Highlights & Insights¶

Direct token injection is a critical architectural choice: By fusing 3D geometry into the foundation visual tokens rather than sidecars, 2D priors and 3D geometry coexist in the same representation space.
Canonical space serves three purposes: It establishes cross-frame correspondence, enables zero-shot transfer from single-view, and allows seamless depth source replacement (GT to estimated).
Tile-then-stitch unifies region extraction and high-res encoding: This mechanism covers both images (tiles) and videos (frames) with the same logic, providing a clean engineering solution for high-resolution tasks.
User value in "single-frame box for cross-frame reasoning": It removes the burden of annotating 3D boxes or multiple frames, significantly lowering the barrier for applications in robotics and AR.

Limitations & Future Work¶

Multi-view training still relies on GT depth: While inference can use estimated maps, whether pure in-the-wild data can be used for training remains to be verified.
Dependent on upstream geometric models: The spatial capability is built upon DepthAnythingV2 and CUT3R/MAST3R; failures in these (e.g., reflections, textureless surfaces) will propagate to SR-3D.
Scaling potential: Ablations suggest that increasing single-view pre-training data may further improve performance, implying the current model has not reached its ceiling but requires significant compute for replication (~7M samples).
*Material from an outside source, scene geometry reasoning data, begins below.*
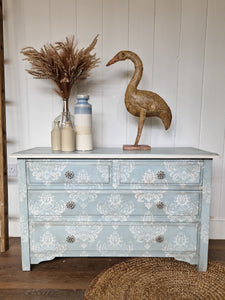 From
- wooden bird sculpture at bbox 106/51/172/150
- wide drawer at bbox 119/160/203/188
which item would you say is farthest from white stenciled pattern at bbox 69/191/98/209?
wooden bird sculpture at bbox 106/51/172/150

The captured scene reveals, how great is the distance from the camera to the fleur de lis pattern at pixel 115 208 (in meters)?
1.30

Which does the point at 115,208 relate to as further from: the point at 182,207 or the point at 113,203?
the point at 182,207

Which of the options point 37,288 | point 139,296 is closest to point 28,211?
point 37,288

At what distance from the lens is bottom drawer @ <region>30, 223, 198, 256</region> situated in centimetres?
133

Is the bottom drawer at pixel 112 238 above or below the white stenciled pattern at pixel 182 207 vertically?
below

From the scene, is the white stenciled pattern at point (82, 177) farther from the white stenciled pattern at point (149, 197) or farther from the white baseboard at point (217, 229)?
the white baseboard at point (217, 229)

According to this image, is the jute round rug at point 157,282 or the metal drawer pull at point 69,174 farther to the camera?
the metal drawer pull at point 69,174

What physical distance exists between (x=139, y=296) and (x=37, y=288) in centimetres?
63

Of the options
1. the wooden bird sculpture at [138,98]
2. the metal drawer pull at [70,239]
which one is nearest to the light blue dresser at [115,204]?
the metal drawer pull at [70,239]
vs. Point Cloud 3D VLMs (3D-LLM, LEO): These operate in point cloud space and struggle to reuse 2D priors; SR-3D's multi-view path outperforms them (ScanQA CIDEr 109.3 vs LEO 101.4).
vs. LLaVA-3D / Video-3D LLM: These often use sidecars or add positional info only during fine-tuning. SR-3D's direct integration and unified pipeline result in superior robustness to noisy reconstructions.
vs. SpatialRGPT: While both do region prompts, SpatialRGPT uses deconvolutional upsampling and is biased toward single-view; SR-3D's tile-then-stitch provides higher fidelity and extends natively to multi-view.

Rating¶

Novelty: ⭐⭐⭐⭐⭐ The combination of direct token injection and the canonical space is concise and effective.
Experimental Thoroughness: ⭐⭐⭐⭐⭐ Covers extensive benchmarks and includes robustness/zero-shot tests.
Writing Quality: ⭐⭐⭐⭐ Clear motivation and methodology.
Value: ⭐⭐⭐⭐⭐ High practical utility for embodied AI and AR via single-frame prompting on in-the-wild video.